High-value council tax surcharge charging structure:
| Threshold | Rate |
|---|---|
| £2m-2.5m | £2,500 |
| £2.5m-3.5m | £3,500 |
| £3.5m-5m | £5,000 |
| £5m-plus | £7,500 |
Chris Sykes, director and property finance specialist at MSP Financial Solutions, said: “Certain people who have owned property for a long, long time in areas of London argue that they live in an average house for the area and can’t afford this extra cost.
“These clients are being left mainly with two options – downsize and move area, or take out debt on their property. I’m sure we’ll see an increase in equity release for older borrowers with £2m-plus property.”
There could be a lifeline on offer for some homeowners, however. The government has pledged to ensure a support scheme is in place for those who may struggle to pay the charge and will consult on the details.
Mounting pressure
But it’s not just pensioners who face affordability concerns, according to Adrian Anderson, director of Anderson Harris. He said the annual charge will have to be factored into a mortgage lender’s affordability assessment, and this ongoing cost could make it “slightly harder” for some buyers of properties valued at just above the £2m threshold.
“This could be a particular concern [if] their income is tight or if they rely on property equity rather than cash flow,” he added.
However, Anderson said the mansion tax itself won’t act as a major deterrent against buying properties worth more than £2m.
He said: “When financing high-value properties, my clients say stamp duty is the main barrier to entry. And, for the last three years, all homeowners have experienced much higher interest rates.

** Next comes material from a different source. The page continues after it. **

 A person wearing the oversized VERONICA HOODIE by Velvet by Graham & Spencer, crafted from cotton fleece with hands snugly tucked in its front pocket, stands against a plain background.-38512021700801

“Meanwhile, high earners who send their children to private schools must now pay VAT on school fees, all of which has led to an ongoing affordability issue for wealthy individuals, even for those with high incomes when trying to trade up to high-value homes.
“The mansion tax will be another disappointing outgoing to factor in.”
Returning demand
The overall feeling among high-net-worth (HNW) mortgage advisers and their clients is one of slight relief.

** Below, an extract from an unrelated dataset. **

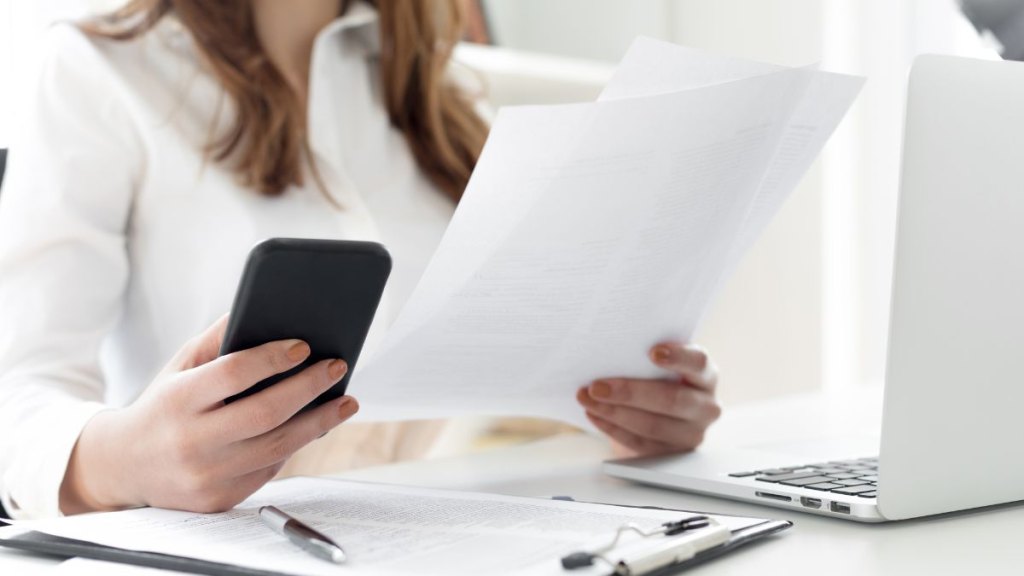 Businesswoman works with documents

Phil Leivesley, director of mortgages at LDN Finance, said: “As it turns out, the problems the Budget caused the market were more in the long run-up than in the contents of the Budget itself. Enquiries have rebounded after the Budget and we’re busy again.
“The feeling amongst prospective borrowers appears to be that they were expecting the worst, and the reality isn’t nearly as scary as what commentators were predicting, or the Chancellor herself warned us about.

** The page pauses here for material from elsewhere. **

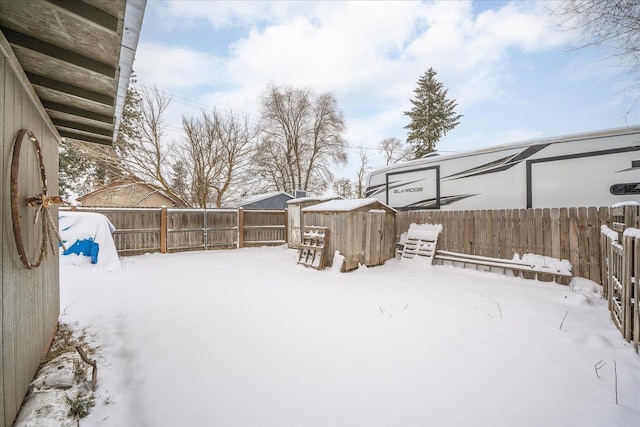 view of yard layered in snow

“And although it’s early days, the surcharge doesn’t appear to have killed demand for £2m-plus properties.”
A survey carried out by Boon Brokers shortly after the mansion tax announcement revealed that 53% of homeowners thought the additional tax would not deter wealthy individuals from investing in UK property.
Anderson said clients who arranged mortgages with him pre-Budget have now proceeded with those purchases. Meanwhile, his HNW network reported an “immediate spike in interest from buyers and sellers, with some very high-value property sales exchanged after the Budget”.
But another tax on the wealthy has left the community reeling, said Boon.
He noted: “Our HNW clients naturally feel targeted and many are withdrawing investment in the property sector.
“The tax sum payable itself does not seem to be their main issue – more the targeted approach from the government on wealthy individuals, which makes them feel unfairly vilified.
“It may change their buying and investment behaviour in the UK economy generally due to this feeling, which will be difficult for the government to measure until the damage to the country has already been done.”
A public consultation on details relating to the surcharge will be held in early 2026.